(Short text fragments from websites)
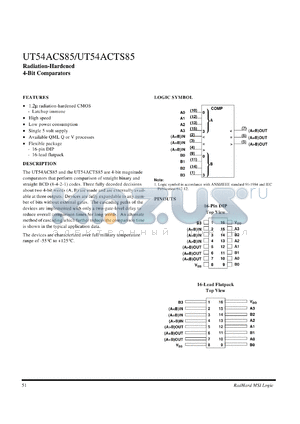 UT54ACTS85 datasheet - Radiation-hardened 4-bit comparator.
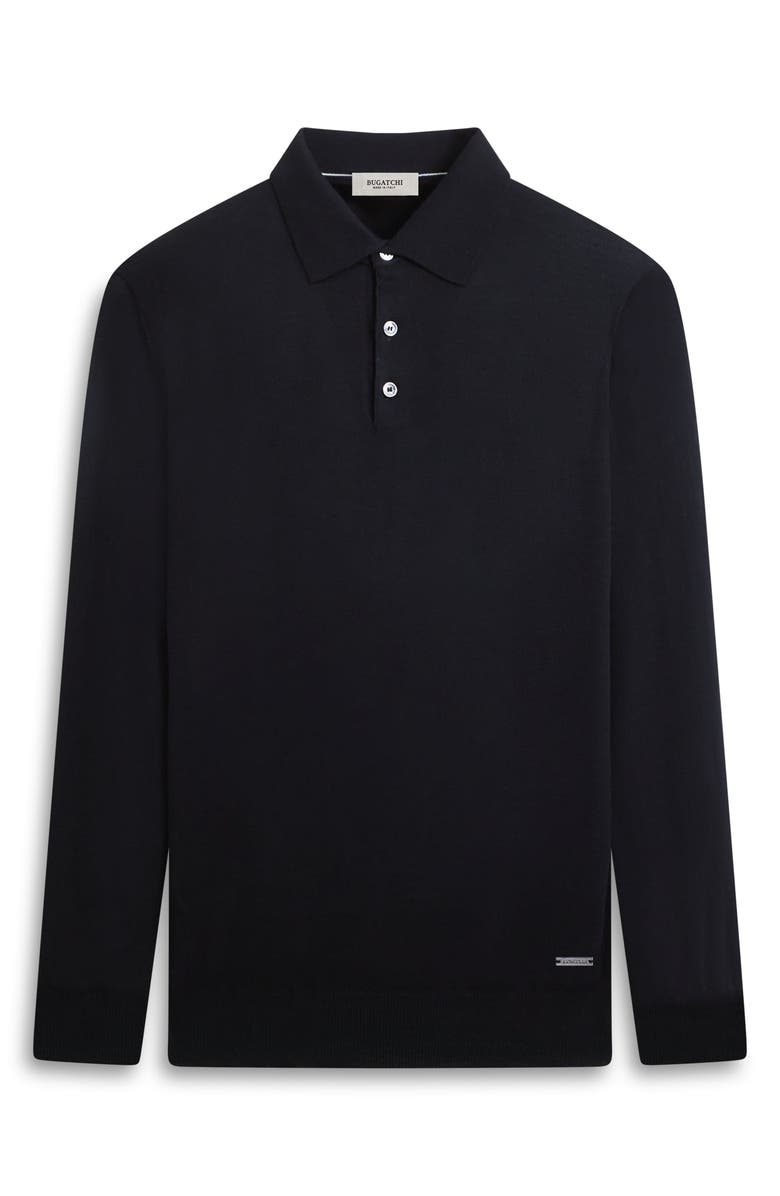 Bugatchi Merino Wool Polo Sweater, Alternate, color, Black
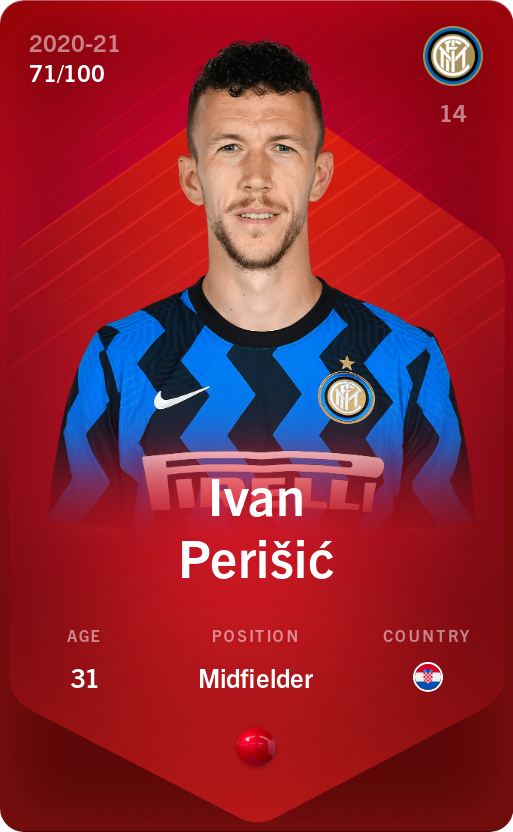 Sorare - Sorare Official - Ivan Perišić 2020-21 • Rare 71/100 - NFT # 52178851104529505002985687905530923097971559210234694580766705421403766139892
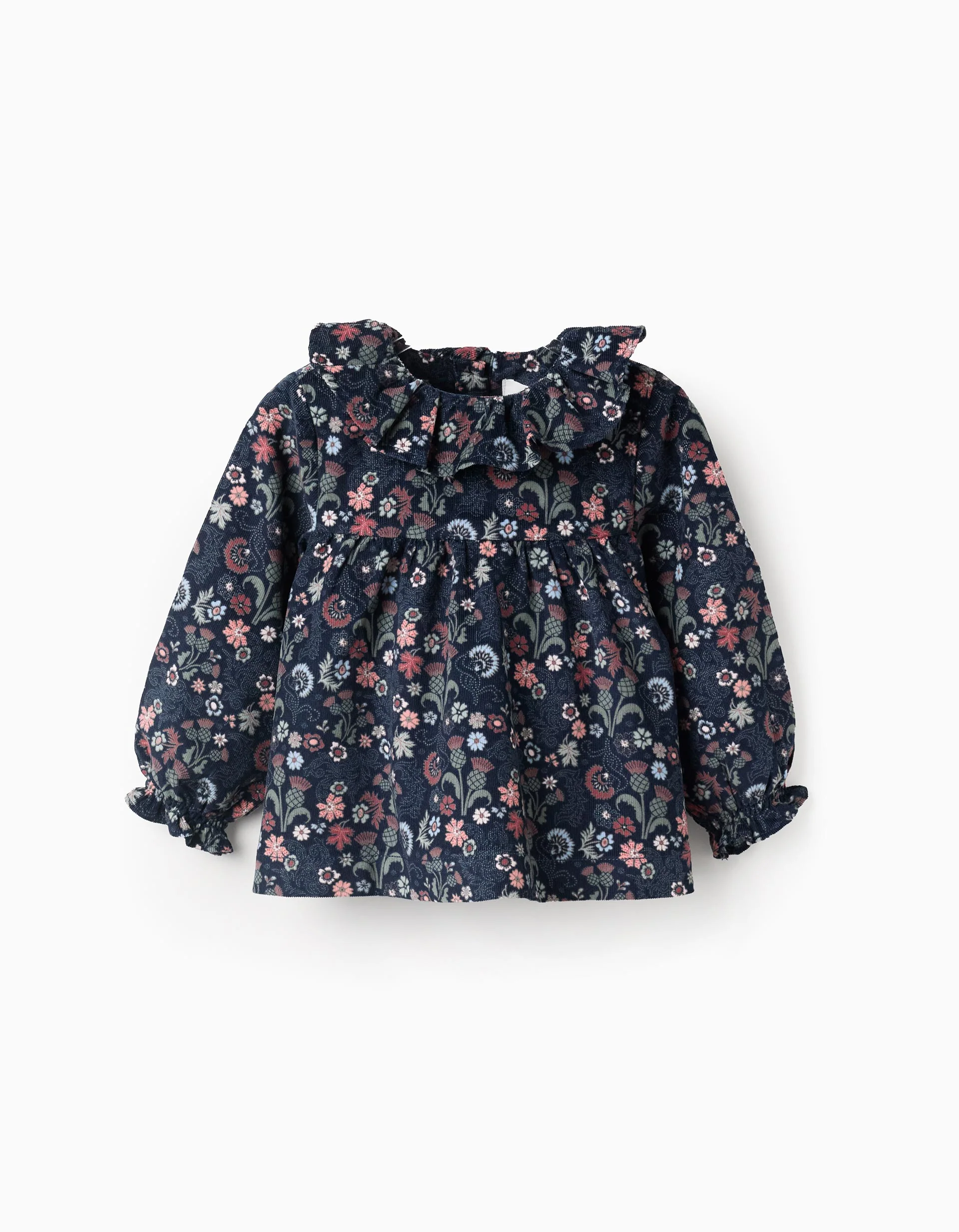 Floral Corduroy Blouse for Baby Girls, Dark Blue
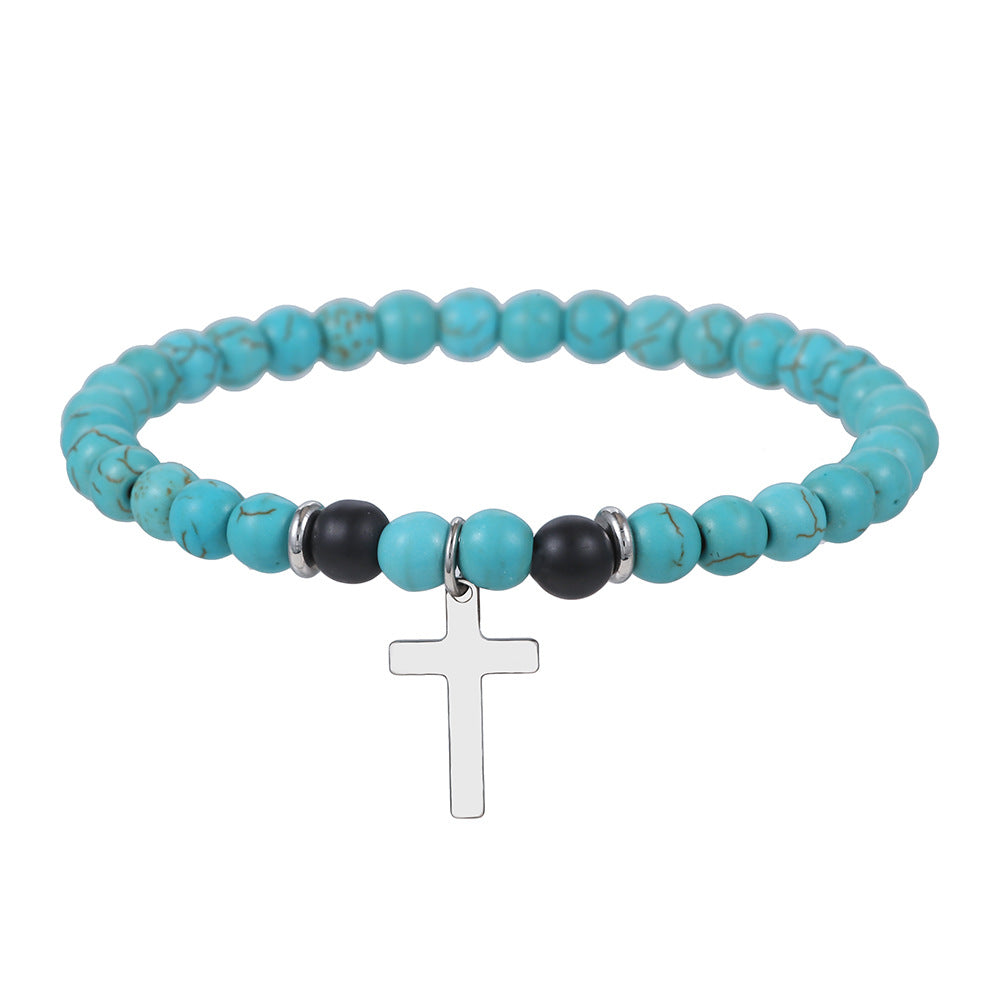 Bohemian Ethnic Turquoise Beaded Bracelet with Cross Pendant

AIM OF THE EXERCISE
The images are to be left out; every line above should be set down exactly.

ANSWER SPACE
 UT54ACTS85 datasheet - Radiation-hardened 4-bit comparator.
 Bugatchi Merino Wool Polo Sweater, Alternate, color, Black
 Sorare - Sorare Official - Ivan Perišić 2020-21 • Rare 71/100 - NFT # 52178851104529505002985687905530923097971559210234694580766705421403766139892
 Floral Corduroy Blouse for Baby Girls, Dark Blue
 Bohemian Ethnic Turquoise Beaded Bracelet with Cross Pendant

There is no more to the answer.